"I am redesigning our AP organization. I would like to group specific types of work, such as a group handling process improvement, reporting and controls, and problem resolution. I am struggling with Vendor Maintenance, as I am not sure where to fit it in. They would handle mail, invoice sorting, and vendor maintenance. Do you have any best practice info on how best to organize AP groups? I am also unsure in what group to cover personal expenses, p-card and corporate card admin tasks and related handling and investigation."
We have not found one particular way to organize an Accounts Payable group because there are many factors that go into it, such as your industry, your system capabilities, degree of manual vs. electronic processes, number of transactions, type of transactions, domestic vs. international processing, etc.
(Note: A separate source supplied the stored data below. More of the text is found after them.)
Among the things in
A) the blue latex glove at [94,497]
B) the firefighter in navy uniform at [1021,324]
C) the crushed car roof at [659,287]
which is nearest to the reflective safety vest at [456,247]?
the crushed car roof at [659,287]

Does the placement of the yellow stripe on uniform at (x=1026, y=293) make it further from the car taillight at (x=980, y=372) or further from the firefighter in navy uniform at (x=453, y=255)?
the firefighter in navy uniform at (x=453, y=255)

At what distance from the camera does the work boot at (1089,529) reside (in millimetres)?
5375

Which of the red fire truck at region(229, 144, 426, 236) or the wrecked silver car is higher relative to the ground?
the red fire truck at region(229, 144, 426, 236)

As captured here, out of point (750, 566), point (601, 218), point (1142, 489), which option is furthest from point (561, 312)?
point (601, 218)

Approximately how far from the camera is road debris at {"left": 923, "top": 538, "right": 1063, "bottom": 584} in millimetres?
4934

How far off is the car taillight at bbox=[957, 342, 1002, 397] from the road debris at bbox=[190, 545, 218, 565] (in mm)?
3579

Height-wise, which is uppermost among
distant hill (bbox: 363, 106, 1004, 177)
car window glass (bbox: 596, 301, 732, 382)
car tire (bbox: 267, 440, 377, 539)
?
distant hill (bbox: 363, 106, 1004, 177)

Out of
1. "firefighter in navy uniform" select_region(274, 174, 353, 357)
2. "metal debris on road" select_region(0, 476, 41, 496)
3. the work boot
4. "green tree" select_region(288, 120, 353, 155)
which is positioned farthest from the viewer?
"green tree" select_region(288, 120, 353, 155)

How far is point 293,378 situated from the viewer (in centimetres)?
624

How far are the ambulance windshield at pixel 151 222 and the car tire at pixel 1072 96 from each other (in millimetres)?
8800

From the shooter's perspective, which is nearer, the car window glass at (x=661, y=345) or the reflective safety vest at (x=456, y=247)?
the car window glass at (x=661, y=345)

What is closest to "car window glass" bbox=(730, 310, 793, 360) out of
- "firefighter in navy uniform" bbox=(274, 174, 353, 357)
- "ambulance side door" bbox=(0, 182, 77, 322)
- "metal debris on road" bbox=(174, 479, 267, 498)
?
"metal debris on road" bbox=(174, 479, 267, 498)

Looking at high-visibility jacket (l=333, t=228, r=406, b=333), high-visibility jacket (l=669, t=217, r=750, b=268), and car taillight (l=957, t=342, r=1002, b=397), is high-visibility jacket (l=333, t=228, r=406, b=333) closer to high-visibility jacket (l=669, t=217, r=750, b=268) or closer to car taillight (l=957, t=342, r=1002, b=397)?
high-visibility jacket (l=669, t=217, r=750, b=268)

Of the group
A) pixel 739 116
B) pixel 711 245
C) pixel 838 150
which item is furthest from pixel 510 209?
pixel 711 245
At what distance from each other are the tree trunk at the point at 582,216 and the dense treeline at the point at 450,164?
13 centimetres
However, with that said here are some thoughts around structure and questions to ask your team as you build it.
- What transactions cost your organization the most effort (time)?
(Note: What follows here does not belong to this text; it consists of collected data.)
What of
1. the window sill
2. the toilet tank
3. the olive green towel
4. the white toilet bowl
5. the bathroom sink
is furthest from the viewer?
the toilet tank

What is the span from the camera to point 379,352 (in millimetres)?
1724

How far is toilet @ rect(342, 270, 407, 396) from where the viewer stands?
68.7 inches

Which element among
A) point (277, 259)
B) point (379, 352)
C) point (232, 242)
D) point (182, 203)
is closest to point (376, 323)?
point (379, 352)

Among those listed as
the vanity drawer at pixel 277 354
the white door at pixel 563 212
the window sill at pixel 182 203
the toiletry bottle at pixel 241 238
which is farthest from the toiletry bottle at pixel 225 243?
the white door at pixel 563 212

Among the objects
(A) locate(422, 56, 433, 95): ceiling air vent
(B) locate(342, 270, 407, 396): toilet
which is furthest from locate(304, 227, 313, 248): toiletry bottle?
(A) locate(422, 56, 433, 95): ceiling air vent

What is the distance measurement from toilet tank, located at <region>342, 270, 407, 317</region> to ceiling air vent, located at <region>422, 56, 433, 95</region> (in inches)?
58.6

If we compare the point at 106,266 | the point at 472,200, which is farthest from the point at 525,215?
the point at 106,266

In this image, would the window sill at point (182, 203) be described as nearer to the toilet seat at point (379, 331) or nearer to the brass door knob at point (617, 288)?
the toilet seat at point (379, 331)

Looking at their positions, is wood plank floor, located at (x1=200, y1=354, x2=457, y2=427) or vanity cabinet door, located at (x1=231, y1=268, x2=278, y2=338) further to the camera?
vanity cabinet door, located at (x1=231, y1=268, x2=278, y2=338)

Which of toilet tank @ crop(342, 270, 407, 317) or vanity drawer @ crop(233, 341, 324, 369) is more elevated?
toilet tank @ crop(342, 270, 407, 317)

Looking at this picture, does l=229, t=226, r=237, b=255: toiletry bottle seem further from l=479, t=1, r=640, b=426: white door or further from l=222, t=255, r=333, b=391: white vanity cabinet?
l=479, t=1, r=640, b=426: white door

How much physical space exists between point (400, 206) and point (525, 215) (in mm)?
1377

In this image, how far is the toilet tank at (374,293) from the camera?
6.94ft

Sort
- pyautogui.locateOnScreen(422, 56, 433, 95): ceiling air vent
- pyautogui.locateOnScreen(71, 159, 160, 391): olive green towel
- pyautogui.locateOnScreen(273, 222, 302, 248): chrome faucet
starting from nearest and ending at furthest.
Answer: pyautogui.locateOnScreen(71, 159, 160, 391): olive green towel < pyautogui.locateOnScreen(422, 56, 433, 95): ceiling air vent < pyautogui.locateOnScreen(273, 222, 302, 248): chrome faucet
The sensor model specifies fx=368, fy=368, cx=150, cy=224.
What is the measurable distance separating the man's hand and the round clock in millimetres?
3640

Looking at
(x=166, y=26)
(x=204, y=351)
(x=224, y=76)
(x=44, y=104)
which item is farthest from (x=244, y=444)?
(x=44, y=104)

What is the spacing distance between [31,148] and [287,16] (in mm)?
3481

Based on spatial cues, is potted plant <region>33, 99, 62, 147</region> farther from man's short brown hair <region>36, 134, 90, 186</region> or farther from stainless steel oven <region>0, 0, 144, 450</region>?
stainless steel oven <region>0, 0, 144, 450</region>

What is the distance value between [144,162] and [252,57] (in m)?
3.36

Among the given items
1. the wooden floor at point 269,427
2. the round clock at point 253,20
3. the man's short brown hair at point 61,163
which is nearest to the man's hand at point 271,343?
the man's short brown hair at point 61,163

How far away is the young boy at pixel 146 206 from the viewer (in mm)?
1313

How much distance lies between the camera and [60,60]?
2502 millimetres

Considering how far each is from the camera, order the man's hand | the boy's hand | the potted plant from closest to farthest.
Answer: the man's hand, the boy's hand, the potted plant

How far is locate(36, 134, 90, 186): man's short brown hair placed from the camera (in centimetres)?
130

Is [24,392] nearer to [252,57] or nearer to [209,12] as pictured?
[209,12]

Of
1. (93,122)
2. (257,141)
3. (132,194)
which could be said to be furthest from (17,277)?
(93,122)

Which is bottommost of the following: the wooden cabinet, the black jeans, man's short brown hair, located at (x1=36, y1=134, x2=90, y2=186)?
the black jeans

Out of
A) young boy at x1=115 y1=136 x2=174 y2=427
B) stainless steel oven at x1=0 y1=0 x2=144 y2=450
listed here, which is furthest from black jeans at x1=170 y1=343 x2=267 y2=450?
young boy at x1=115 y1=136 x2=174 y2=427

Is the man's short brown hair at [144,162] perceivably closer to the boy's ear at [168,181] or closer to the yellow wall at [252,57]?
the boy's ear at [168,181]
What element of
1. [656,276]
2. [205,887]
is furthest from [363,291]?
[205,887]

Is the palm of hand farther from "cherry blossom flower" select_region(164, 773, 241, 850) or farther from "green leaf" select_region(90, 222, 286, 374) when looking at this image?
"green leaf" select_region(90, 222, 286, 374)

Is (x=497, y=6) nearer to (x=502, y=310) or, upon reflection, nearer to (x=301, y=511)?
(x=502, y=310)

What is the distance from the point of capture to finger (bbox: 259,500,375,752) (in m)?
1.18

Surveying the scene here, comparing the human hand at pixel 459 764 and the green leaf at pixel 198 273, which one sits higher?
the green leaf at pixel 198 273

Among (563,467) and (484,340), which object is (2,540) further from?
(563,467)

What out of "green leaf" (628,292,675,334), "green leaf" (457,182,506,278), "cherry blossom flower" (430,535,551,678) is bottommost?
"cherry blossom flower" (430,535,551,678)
- What is the breakdown between the manual vs. electronic transaction volume? Where are there opportunities to increase the electronic processing?
- What is the natural progression for the input, processing, and output in your production? Are you mainly looking at invoices coming through with a three-way match (PO, receiving document, and invoice matched) or an authorized signature on an invoice?
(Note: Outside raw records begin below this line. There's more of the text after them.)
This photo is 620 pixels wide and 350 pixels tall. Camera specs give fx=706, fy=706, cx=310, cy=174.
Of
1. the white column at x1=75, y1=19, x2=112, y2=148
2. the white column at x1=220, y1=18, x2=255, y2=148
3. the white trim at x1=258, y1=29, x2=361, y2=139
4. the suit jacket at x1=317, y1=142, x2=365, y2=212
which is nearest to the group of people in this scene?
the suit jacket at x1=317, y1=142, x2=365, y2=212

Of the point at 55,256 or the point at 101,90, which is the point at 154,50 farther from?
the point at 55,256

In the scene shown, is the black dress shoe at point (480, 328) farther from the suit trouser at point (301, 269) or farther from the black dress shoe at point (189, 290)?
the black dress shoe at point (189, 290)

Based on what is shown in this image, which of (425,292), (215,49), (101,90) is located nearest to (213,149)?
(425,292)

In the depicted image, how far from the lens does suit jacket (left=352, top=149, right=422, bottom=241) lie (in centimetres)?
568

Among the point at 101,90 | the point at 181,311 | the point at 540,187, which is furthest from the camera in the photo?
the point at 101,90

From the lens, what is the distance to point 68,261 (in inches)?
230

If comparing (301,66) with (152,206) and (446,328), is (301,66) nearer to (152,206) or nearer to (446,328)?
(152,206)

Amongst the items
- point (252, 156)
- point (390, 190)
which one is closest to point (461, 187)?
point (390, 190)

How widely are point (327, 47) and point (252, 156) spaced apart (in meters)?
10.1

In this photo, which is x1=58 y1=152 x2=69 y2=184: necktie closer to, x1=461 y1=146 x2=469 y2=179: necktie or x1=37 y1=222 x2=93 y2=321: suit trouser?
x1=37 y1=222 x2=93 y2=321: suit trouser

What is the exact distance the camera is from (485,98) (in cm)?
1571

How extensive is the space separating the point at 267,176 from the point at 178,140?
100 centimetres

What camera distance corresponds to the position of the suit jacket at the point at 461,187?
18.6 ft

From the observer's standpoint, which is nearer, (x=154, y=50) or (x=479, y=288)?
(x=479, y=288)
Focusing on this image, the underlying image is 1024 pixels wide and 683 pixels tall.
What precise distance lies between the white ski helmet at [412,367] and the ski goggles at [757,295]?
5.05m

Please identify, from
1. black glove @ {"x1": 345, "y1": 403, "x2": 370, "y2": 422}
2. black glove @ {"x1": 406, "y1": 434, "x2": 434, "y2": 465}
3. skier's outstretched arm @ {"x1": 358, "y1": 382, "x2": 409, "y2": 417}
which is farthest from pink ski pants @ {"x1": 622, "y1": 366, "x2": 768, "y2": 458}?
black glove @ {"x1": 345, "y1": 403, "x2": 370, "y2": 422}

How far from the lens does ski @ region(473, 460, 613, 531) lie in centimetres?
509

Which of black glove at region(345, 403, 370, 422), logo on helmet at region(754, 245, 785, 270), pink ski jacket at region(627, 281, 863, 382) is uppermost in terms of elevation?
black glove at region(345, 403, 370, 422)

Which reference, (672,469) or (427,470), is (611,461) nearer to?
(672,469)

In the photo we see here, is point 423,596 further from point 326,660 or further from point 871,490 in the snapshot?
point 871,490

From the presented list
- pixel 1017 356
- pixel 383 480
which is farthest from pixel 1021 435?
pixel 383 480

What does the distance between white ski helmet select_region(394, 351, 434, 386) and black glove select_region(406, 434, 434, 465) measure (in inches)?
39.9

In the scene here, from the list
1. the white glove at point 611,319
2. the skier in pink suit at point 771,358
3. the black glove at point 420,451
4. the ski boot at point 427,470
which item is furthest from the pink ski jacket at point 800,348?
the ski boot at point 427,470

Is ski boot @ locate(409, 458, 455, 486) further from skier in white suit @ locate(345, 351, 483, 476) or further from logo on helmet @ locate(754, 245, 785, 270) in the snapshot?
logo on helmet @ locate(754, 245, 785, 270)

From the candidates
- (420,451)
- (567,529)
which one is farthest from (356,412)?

- Are your work groups in the same location? Same building? Same floor?
- Do you have good separation of duties for internal control? For example, your vendor setup should be done by personnel who are independent from the invoice data entry, check processing, mail sorting, and invoice filing processes.
Articles on TAPN
Here are some articles for research on structure and how others have done it, and tools to use.
- AP profile: Dell Computer
- The AP Organizational Structure: Where to go from here?
- Shared Services Implementation: A Case History
- HR organizational chart tools (see the various organizational chart setups)
In regards to the personal expenses such as travel and entertainment (T&E), depending on the company size (say number of employees), some companies may have this group setup separately. If it is an independent group, it is usually due to the large volume of transactions and payments. In addition, T&E transactions can require special handling due to tax implications not only with 1099 reporting but also with employee reimbursements subject to inclusion in their wages.